27: The Rise of Welfare-State Capitalism
Perhaps the most important transformation of capitalism in the mid-20th century was the development of welfare-state capitalism. This lecture explores its origins and the varieties of welfare-state capitalism that developed after World War II.
28: Pluralism as Limit to Social Justice—Hayek
This lecture examines Hayek's conception of the links between capitalism and Liberalism, which called into question many of the premises of those who wanted to use the welfare state to shape society.
29: Herbert Marcuse and the New Left Critique
During the 1960s, Herbert Marcuse's most influential work analyzed contemporary capitalism's ability to keep the masses quiescent by manipulating their needs.
30: Contradictions of Postindustrial Society
In the 1970s, Daniel Bell argued that America had entered a postindustrial age and that capitalism undermined the work ethic, frugality, and deferred gratification that it depended on.

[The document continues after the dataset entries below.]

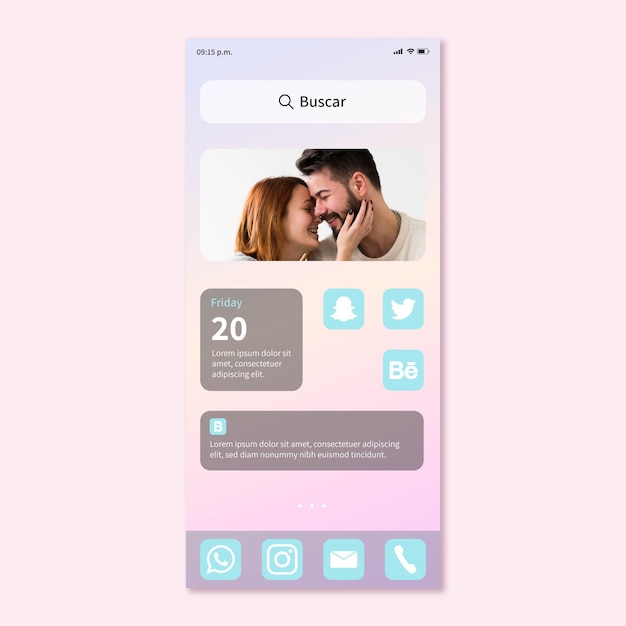 Pastel home screen template for smartphone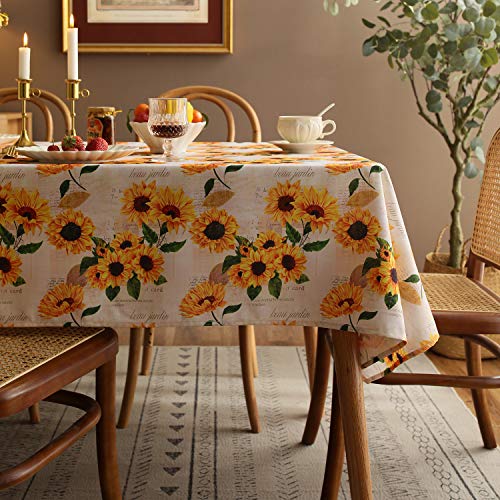 Joyfol Day Sunflower Tablecloth,Orange Floral Table Cloth for Rectangle Tables,Waterproof Resistant Flower Table Cover for Kitchen Dining Room (60 X 120 INCH)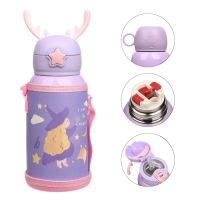 Термос, 500 мл, Детский "Девочка", с кружкой, два вида крышек, сохраняет тепло до 6 ч Термос, 500 мл, Детский "Девочка", с кружкой, два вида крышек, сохраняет тепло до 6 ч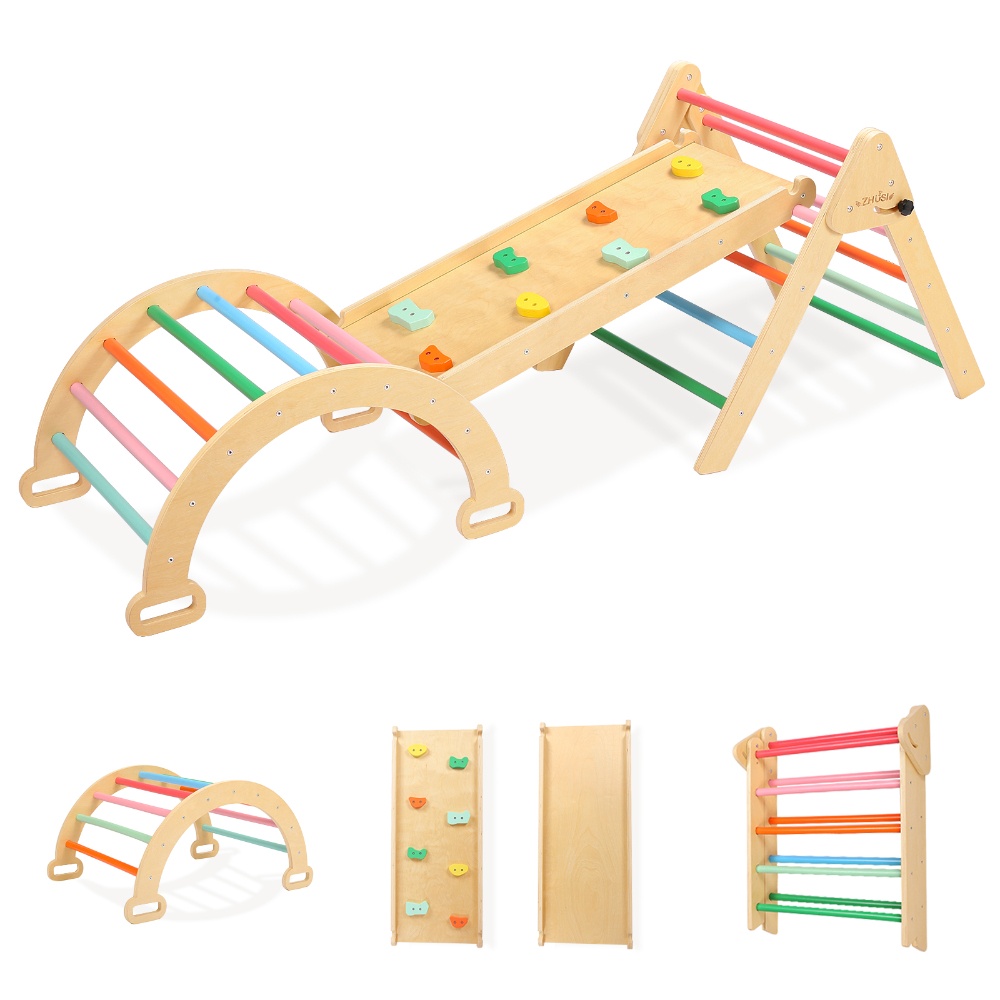 Kids Climbing Playset, 5 in 1 Foldable Toddler Climbing Toys, Wooden Playground Climbers for 1-4 Years
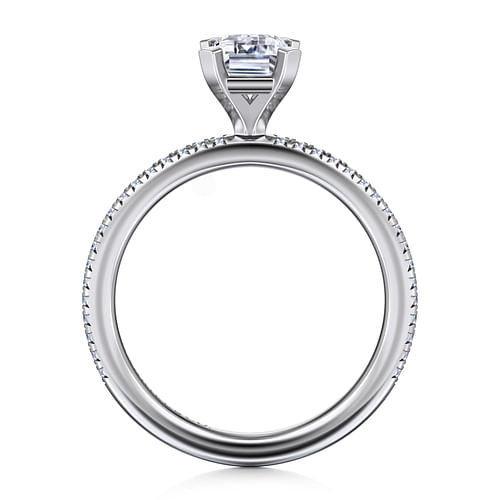 14K White Gold Emerald Cut Diamond Engagement Ring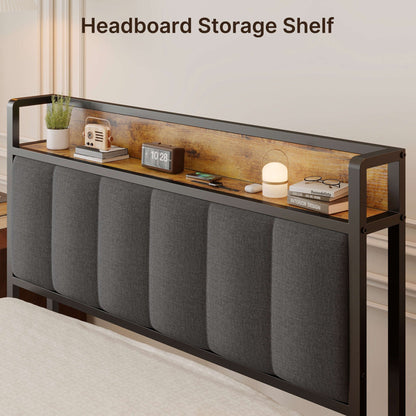 Letto matrimoniale/matrimoniale/queen size/king size con struttura in metallo e testiera imbottita con contenitore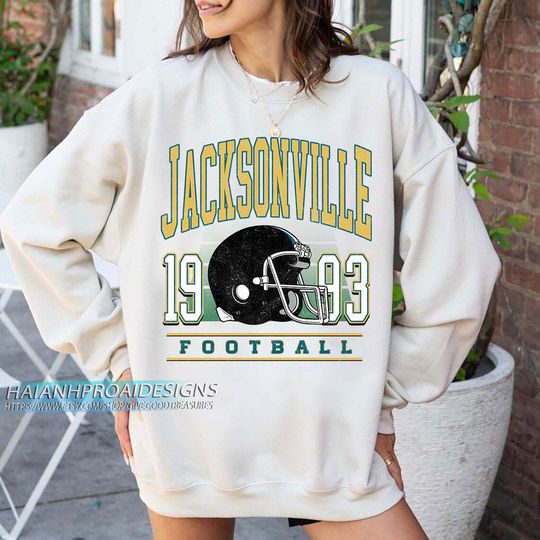 Discover Jacksonville Football Vintage 1993 Sweatshirt, Retro Black Helmet Crewneck, Classic Jacksonville Fan Shirt, Old School Game Day Gift
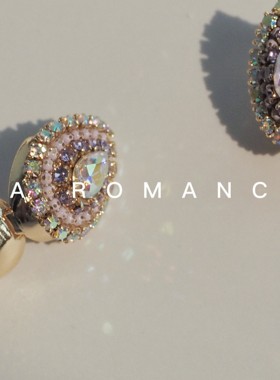 JaR 纯手工彩色宝石水晶耳饰精致高级小众设计耳环耳扣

31: The Family under Capitalism
This lecture examines some useful conceptual frameworks for thinking about the links between capitalism and the family.
32: Tensions with Democracy—Buchanan and Olson
You explore James M. Buchanan's critique of Keynesianism based on public choice theory and Mancur Olson's explanation of how the logic of collective action could lead to economic stagnation.
33: End of Communism, New Era of Globalization
This lecture explores the origins and nature of the newest era of globalization and puts it into historical perspective.
34: Capitalism and Nationalism—Ernest Gellner
An interpretation of modern history argues that the processes that made capitalism possible also led to changes in personal identity that made nationalism attractive.
35: The Varieties of Capitalism
You examine capitalist societies from five perspectives - political structures, types of welfare states, developmental strategies, forms of business, and extent of equality.
36: Intrinsic Tensions in Capitalism
Why has capitalism been so productive and innovative, and why has it outlasted its competitors, such as Socialism? You look at some recent thinking on this and at some intrinsic tensions in capitalism.